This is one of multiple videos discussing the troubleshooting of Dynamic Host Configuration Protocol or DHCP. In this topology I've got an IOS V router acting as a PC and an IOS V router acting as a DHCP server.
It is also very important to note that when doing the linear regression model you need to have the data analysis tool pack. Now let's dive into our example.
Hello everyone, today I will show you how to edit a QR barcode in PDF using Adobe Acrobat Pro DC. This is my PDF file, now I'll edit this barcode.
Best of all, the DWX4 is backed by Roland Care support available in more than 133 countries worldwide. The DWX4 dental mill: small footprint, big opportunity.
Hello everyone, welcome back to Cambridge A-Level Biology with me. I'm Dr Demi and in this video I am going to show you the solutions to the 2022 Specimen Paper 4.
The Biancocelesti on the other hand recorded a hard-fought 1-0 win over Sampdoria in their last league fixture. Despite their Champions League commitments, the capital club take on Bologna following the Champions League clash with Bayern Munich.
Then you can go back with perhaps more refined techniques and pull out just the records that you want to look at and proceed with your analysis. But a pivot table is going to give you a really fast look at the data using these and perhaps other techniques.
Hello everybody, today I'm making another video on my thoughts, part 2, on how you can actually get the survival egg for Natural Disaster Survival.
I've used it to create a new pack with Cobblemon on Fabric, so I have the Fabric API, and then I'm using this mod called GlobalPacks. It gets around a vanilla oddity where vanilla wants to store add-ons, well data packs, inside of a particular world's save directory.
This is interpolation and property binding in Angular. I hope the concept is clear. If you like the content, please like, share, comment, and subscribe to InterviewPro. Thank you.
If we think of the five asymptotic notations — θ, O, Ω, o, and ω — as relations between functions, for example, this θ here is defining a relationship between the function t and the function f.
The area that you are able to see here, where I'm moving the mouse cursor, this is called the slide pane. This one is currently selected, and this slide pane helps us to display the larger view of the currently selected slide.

::::

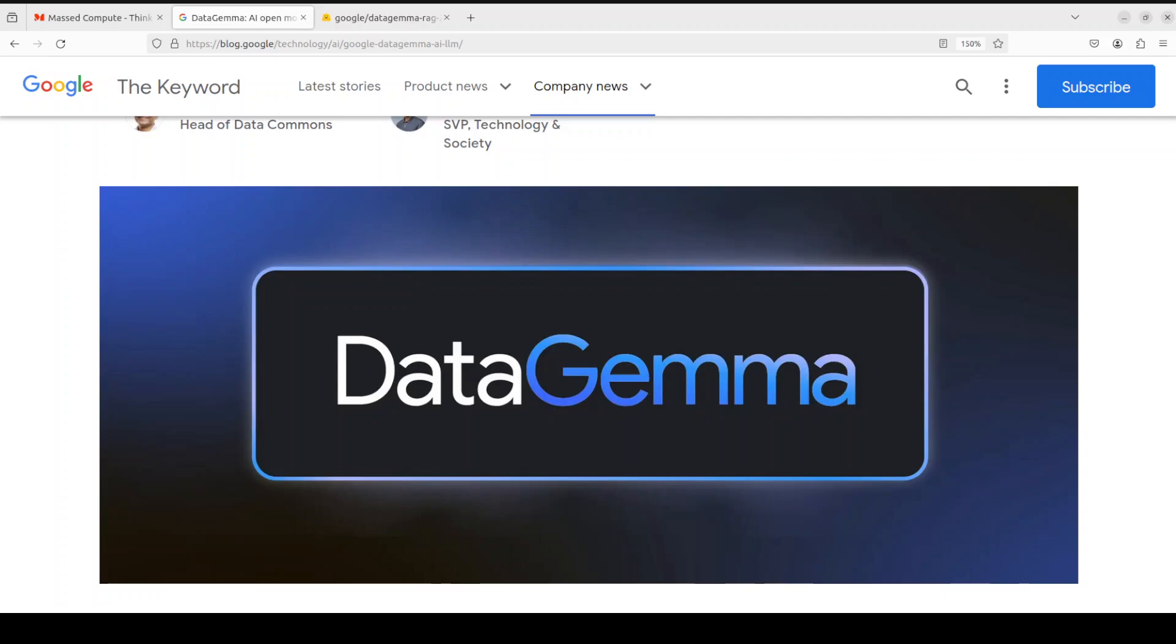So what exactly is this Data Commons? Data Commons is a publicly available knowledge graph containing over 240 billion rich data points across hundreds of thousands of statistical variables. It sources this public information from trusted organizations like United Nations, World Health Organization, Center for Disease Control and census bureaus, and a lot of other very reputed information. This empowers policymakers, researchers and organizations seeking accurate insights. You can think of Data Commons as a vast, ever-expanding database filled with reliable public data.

::::

WORK TO BE COMPLETED ->
Lines holding "show" in the data above: copy each of them.

RESULT BELOW ->
Hello everyone, today I will show you how to edit a QR barcode in PDF using Adobe Acrobat Pro DC. This is my PDF file, now I'll edit this barcode.
Hello everyone, welcome back to Cambridge A-Level Biology with me. I'm Dr Demi and in this video I am going to show you the solutions to the 2022 Specimen Paper 4.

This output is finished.